* Exercise *
Beginning with the line that holds "Athleta Blue 95%" and ending with the last line below, please copy every line exactly, add nothing, and leave out the pictures.

* Data provided *
::::::

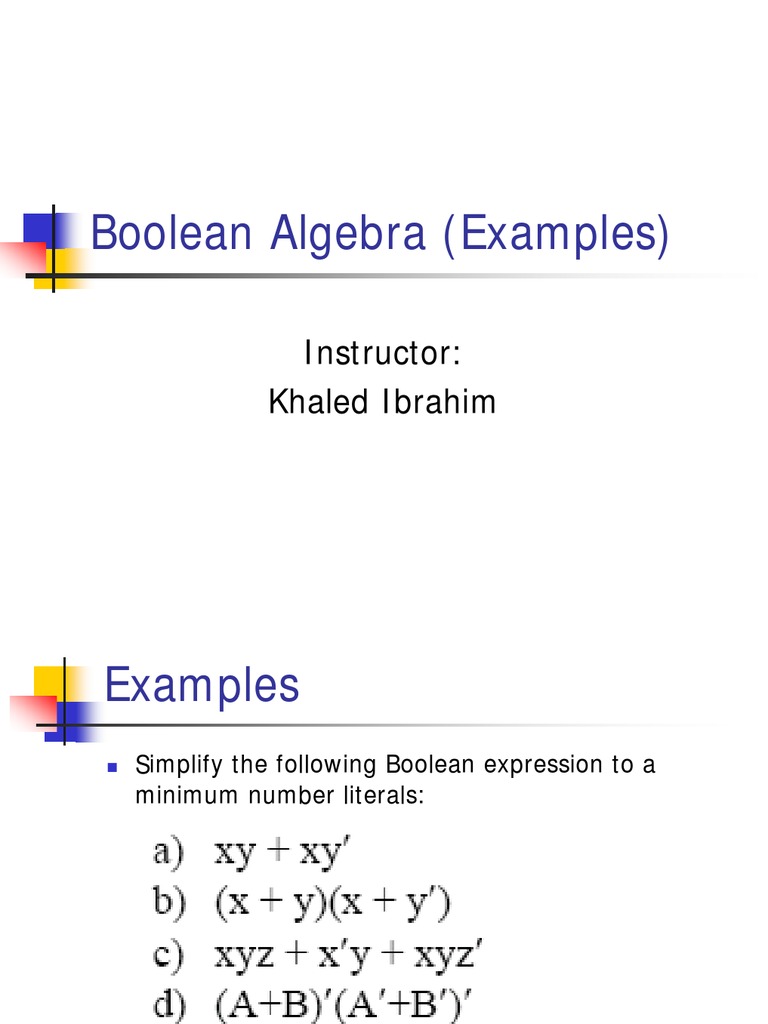 what is boolean algebra definition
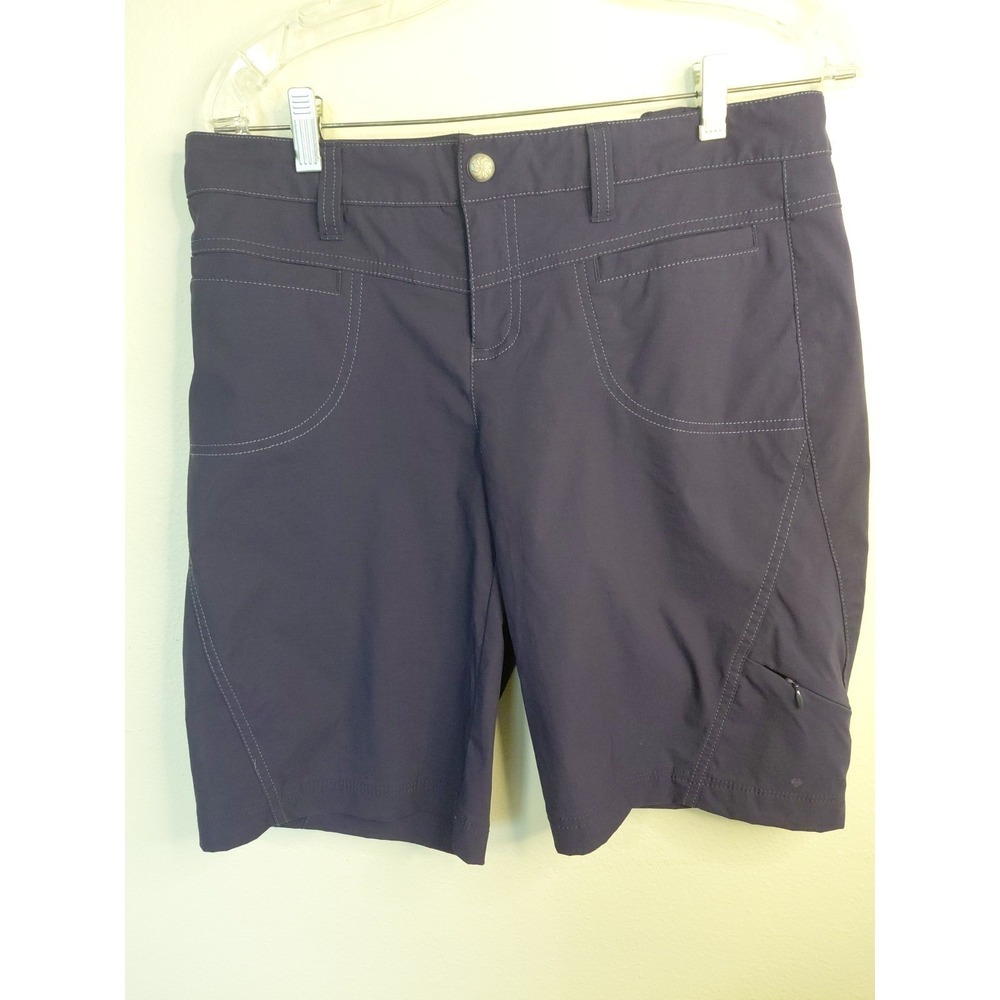 Athleta Blue 95% Nylon/5% Spandex Zip Pocket Bermuda Shorts Size 10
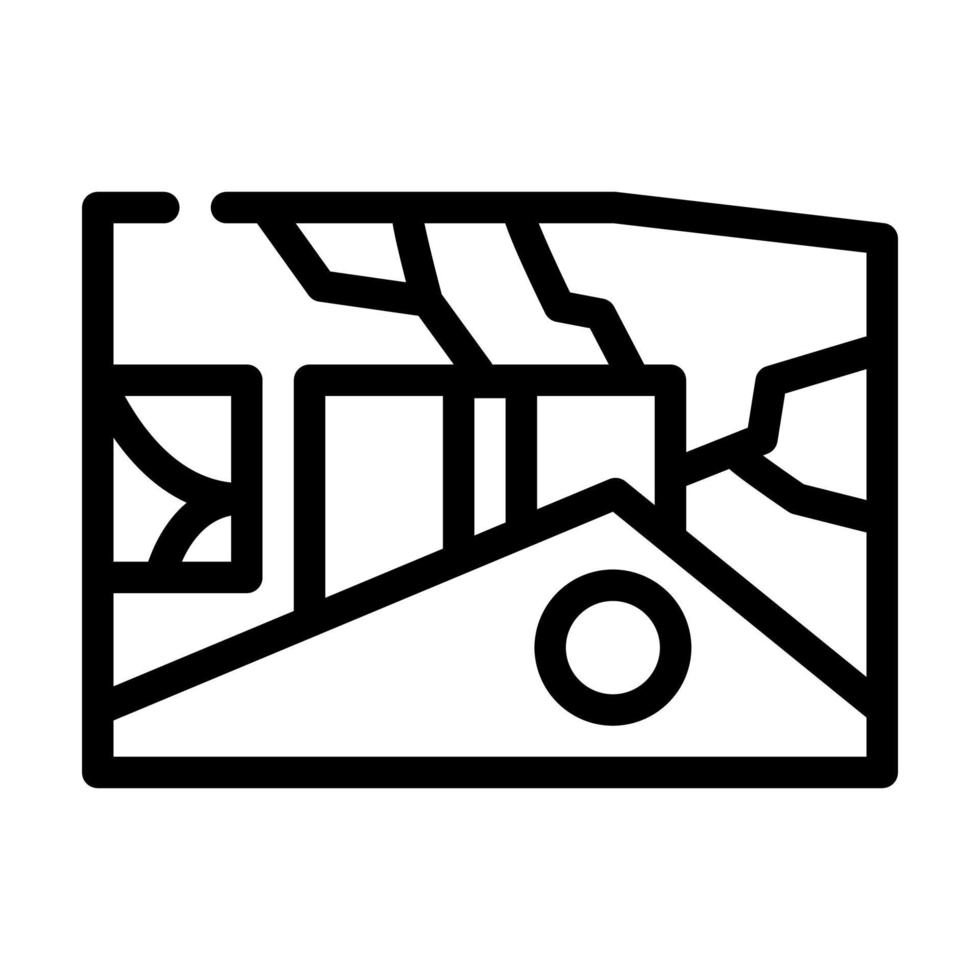 ruined house line icon vector illustration line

::::::

* Answer section *
 Athleta Blue 95% Nylon/5% Spandex Zip Pocket Bermuda Shorts Size 10
 ruined house line icon vector illustration line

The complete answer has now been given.